For technical work like coding, document analysis, and complex reasoning, yes. The published SWE-bench Verified score and the headroom the model has on architectural reasoning justify the premium over Sonnet 4.6 ($3 per million input). For simple chat or content generation, Sonnet is the better deal at roughly 60% of the price.

How does Claude Opus 4.7 compare to GPT-5?

On the public coding leaderboards, the two trade places by a small margin. Anthropic positions Opus on reasoning under uncertainty and long-document work. OpenAI positions GPT-5 on structured output, vision, and breadth. For mixed workloads, picking the cheaper model first and reserving the other for hard calls beats committing to one.

What does Claude Opus 4.7 cost?

Per Anthropic's pricing page: $5 per million input tokens and $25 per million output tokens, with cached input rates lower. Spend scales linearly with your token volume; calculate from your typical session size rather than from a published anecdote.
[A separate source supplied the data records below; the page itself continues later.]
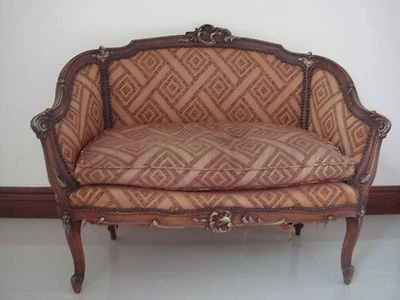 Louis XV Style Settee Early1900's, made of Walnut, Horse Hair & Springs.  - Image 1 of 4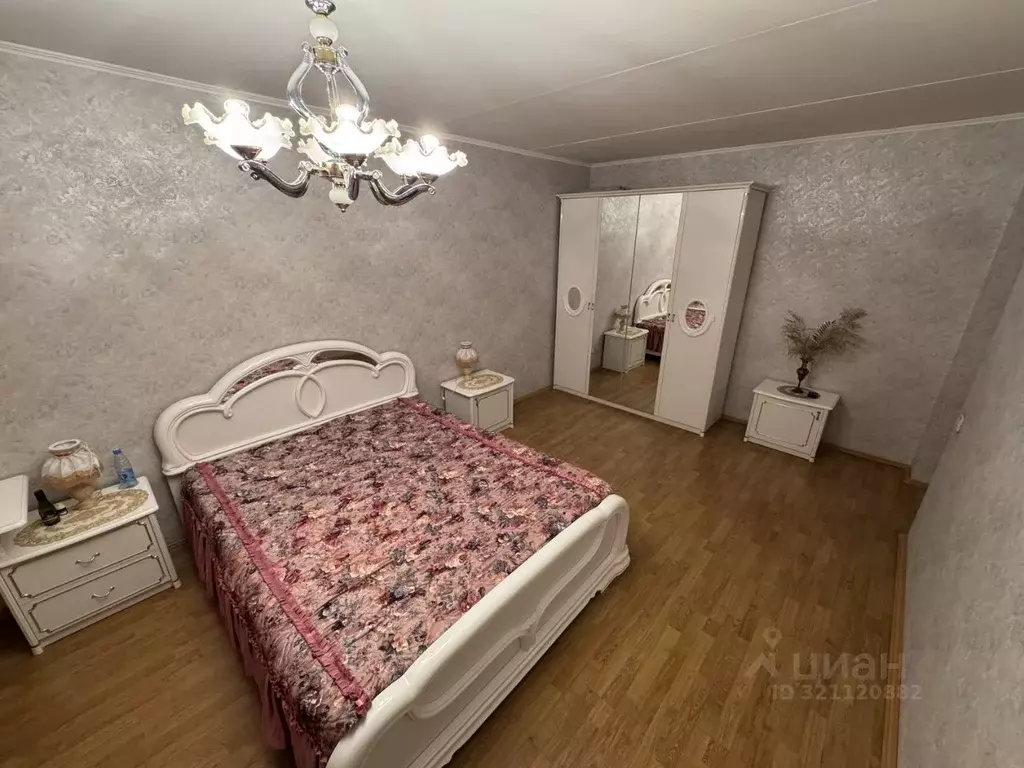 3-к кв. Свердловская область, Екатеринбург ул. Тверитина, 34/8 (128.0 ... - Фото 2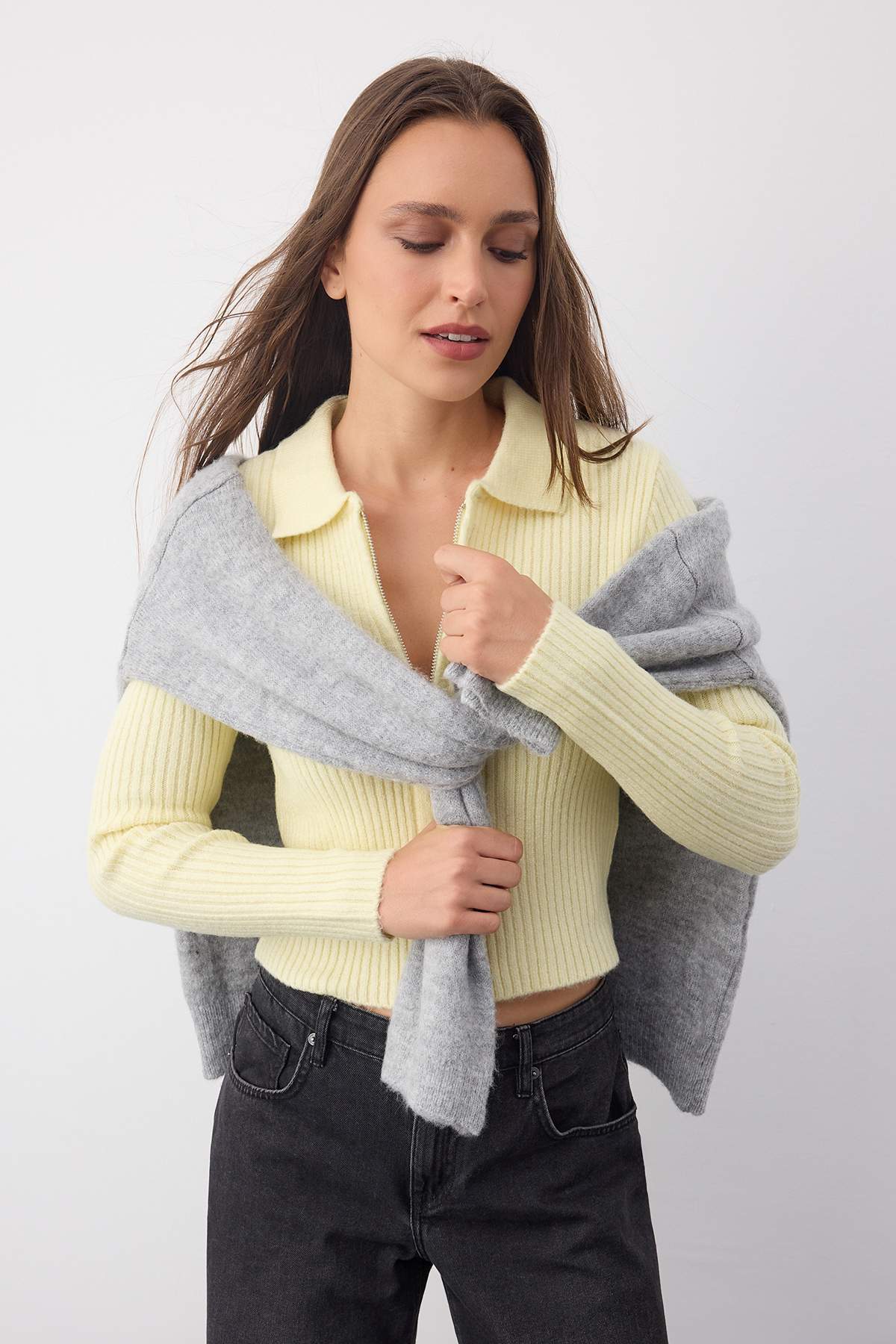 Trendyolmilla  Wardrobe Essentials Sarı Yumuşak Dokulu Crop Fermuarlı Triko Hırka | TWOAW26HI00177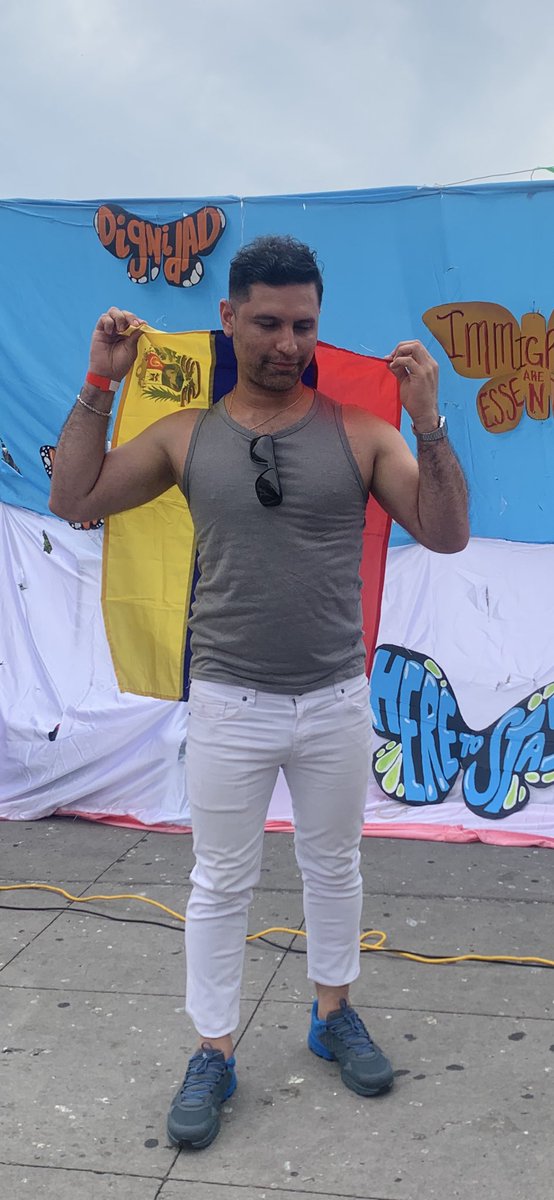 yoangel_caldera's tweet photo. #TransLatinxMarch #2024 #13MarchaTransLatinxMarch https://t.co/jzIr6GCWqQ
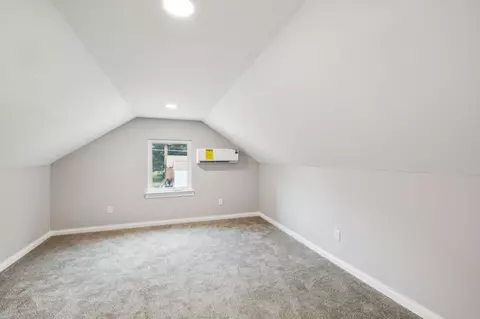 Bedroom - 6150 E Brainerd Rd, Chattanooga, TN 37421 photo 3 of 3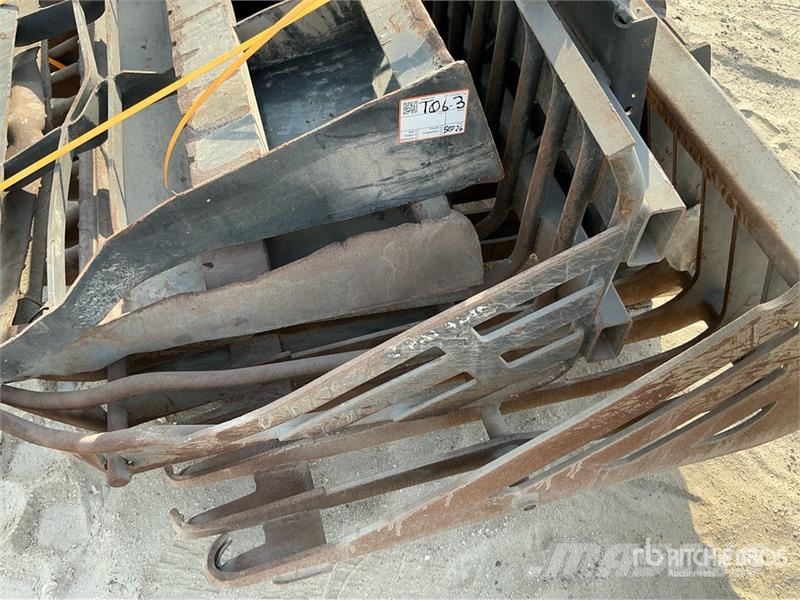Quantity of (2) Skeleton Skid Steer Bucket Kašike / Korpe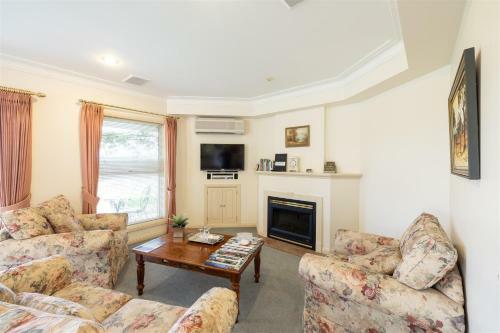 Lochinvar/camellia , Magnolia , Maple Cottage For A Relaxing Bathurst Holiday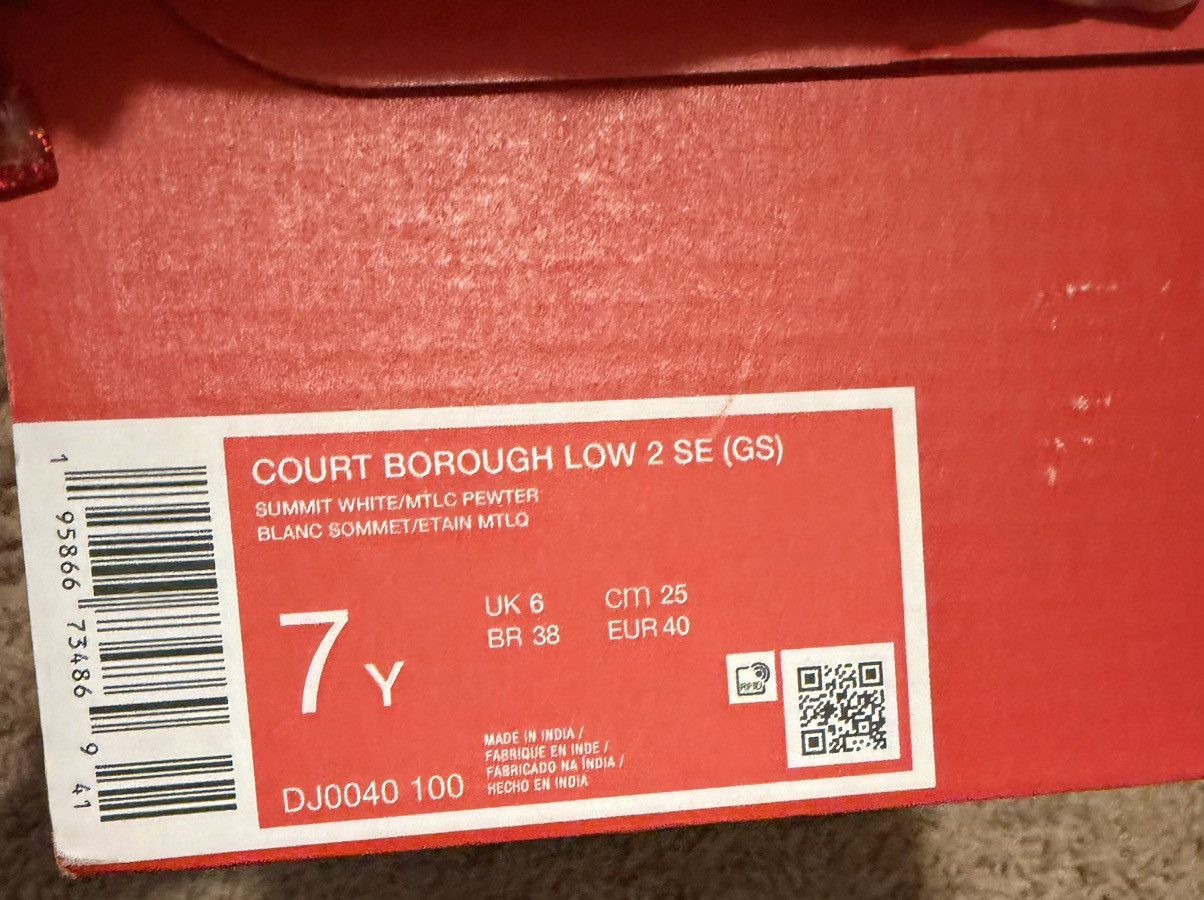 Nike COURT BOROUGH LOW 2 SE (GS) 7 Youth Size US 7 / IT 37 - 13 Thumbnail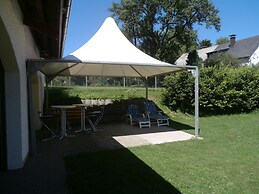 Apartment With Sauna in Eschfeld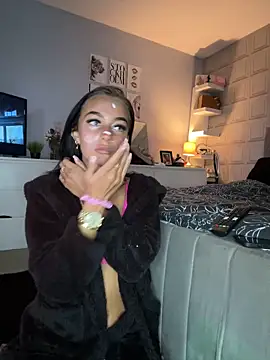 Spicy-Rosie20 online show from 04-04-26, 01:39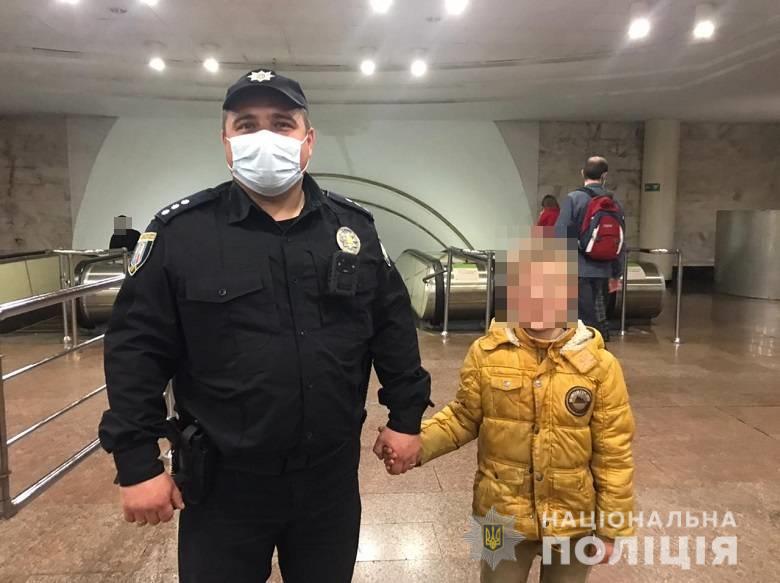 В Киеве ребенок убежал из дома и заблудился в метро. Полицейские наказали родителей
When should you use Sonnet 4.6 instead of Opus 4.7?

Routine work: chat, summarization, draft generation, simple coding tasks. Sonnet is roughly 60% of the price and handles most of these well enough that Opus's edge is not worth the spend.

What's the effective context window for Claude Opus 4.7?

Advertised at 1M tokens. Treat long context as a queryable surface for retrieval rather than a one-shot summarization buffer. Attention quality is uneven across very long windows, a pattern Anthropic and independent researchers have flagged.

Changelog

May 25, 2026 — Rewrote sections that previously narrated original lab tests; the article now grounds its verdict in published benchmarks, pricing, and Anthropic's own positioning. Pricing verified against current provider documentation.
May 4, 2026 — Added Sonnet 4.6 comparison section after readers asked for the cross-tier math.
April 22, 2026 — Originally published.

References

Anthropic, "Claude API Documentation," docs.claude.com, accessed May 2026.
Anthropic, "Claude Pricing," anthropic.com/pricing, accessed May 2026.
LMSYS, "Chatbot Arena leaderboard," lmarena.ai, May 2026 snapshot.
"SWE-bench Verified leaderboard," swebench.com, May 2026.
Anthropic, "Introducing Claude Opus 4.7," anthropic.com/news/claude-opus-4-7, April 16, 2026.